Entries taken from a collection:
◇ ◇ ◇
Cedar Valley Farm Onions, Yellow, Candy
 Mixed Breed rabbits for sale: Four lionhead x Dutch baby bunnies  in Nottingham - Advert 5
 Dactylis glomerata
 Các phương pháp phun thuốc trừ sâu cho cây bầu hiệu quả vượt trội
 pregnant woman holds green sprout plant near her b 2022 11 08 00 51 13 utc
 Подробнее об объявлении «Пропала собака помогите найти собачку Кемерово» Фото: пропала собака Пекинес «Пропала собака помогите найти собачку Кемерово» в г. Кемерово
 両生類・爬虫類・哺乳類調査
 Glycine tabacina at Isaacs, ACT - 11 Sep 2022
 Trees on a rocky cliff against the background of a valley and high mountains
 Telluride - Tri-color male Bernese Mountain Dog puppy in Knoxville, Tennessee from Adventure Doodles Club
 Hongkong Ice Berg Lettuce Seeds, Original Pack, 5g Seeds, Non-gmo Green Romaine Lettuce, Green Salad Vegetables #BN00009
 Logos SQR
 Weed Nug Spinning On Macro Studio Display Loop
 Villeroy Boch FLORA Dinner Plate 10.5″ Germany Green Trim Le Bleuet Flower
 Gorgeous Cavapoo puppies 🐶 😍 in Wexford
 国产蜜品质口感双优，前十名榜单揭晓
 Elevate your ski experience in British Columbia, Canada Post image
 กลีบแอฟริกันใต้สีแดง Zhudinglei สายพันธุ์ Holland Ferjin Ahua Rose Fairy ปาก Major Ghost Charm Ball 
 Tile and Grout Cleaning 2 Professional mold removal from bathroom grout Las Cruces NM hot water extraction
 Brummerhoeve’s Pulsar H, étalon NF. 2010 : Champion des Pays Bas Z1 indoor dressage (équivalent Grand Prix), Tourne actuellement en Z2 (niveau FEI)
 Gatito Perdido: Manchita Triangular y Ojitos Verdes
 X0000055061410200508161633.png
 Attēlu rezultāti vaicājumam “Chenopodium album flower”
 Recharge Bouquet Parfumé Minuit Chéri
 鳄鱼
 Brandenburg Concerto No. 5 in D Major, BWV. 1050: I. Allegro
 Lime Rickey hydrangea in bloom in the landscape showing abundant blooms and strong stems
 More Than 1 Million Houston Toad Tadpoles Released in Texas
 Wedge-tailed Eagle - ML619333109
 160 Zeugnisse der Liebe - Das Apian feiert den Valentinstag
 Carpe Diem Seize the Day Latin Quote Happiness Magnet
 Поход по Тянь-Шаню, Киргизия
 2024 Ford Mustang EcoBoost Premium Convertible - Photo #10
◇ ◇ ◇
WORK REQUIRED:
From the first line to the last, retype the records exactly.

OUTPUT FOR THIS TASK:
Cedar Valley Farm Onions, Yellow, Candy
 Mixed Breed rabbits for sale: Four lionhead x Dutch baby bunnies  in Nottingham - Advert 5
 Dactylis glomerata
 Các phương pháp phun thuốc trừ sâu cho cây bầu hiệu quả vượt trội
 pregnant woman holds green sprout plant near her b 2022 11 08 00 51 13 utc
 Подробнее об объявлении «Пропала собака помогите найти собачку Кемерово» Фото: пропала собака Пекинес «Пропала собака помогите найти собачку Кемерово» в г. Кемерово
 両生類・爬虫類・哺乳類調査
 Glycine tabacina at Isaacs, ACT - 11 Sep 2022
 Trees on a rocky cliff against the background of a valley and high mountains
 Telluride - Tri-color male Bernese Mountain Dog puppy in Knoxville, Tennessee from Adventure Doodles Club
 Hongkong Ice Berg Lettuce Seeds, Original Pack, 5g Seeds, Non-gmo Green Romaine Lettuce, Green Salad Vegetables #BN00009
 Logos SQR
 Weed Nug Spinning On Macro Studio Display Loop
 Villeroy Boch FLORA Dinner Plate 10.5″ Germany Green Trim Le Bleuet Flower
 Gorgeous Cavapoo puppies 🐶 😍 in Wexford
 国产蜜品质口感双优，前十名榜单揭晓
 Elevate your ski experience in British Columbia, Canada Post image
 กลีบแอฟริกันใต้สีแดง Zhudinglei สายพันธุ์ Holland Ferjin Ahua Rose Fairy ปาก Major Ghost Charm Ball 
 Tile and Grout Cleaning 2 Professional mold removal from bathroom grout Las Cruces NM hot water extraction
 Brummerhoeve’s Pulsar H, étalon NF. 2010 : Champion des Pays Bas Z1 indoor dressage (équivalent Grand Prix), Tourne actuellement en Z2 (niveau FEI)
 Gatito Perdido: Manchita Triangular y Ojitos Verdes
 X0000055061410200508161633.png
 Attēlu rezultāti vaicājumam “Chenopodium album flower”
 Recharge Bouquet Parfumé Minuit Chéri
 鳄鱼
 Brandenburg Concerto No. 5 in D Major, BWV. 1050: I. Allegro
 Lime Rickey hydrangea in bloom in the landscape showing abundant blooms and strong stems
 More Than 1 Million Houston Toad Tadpoles Released in Texas
 Wedge-tailed Eagle - ML619333109
 160 Zeugnisse der Liebe - Das Apian feiert den Valentinstag
 Carpe Diem Seize the Day Latin Quote Happiness Magnet
 Поход по Тянь-Шаню, Киргизия
 2024 Ford Mustang EcoBoost Premium Convertible - Photo #10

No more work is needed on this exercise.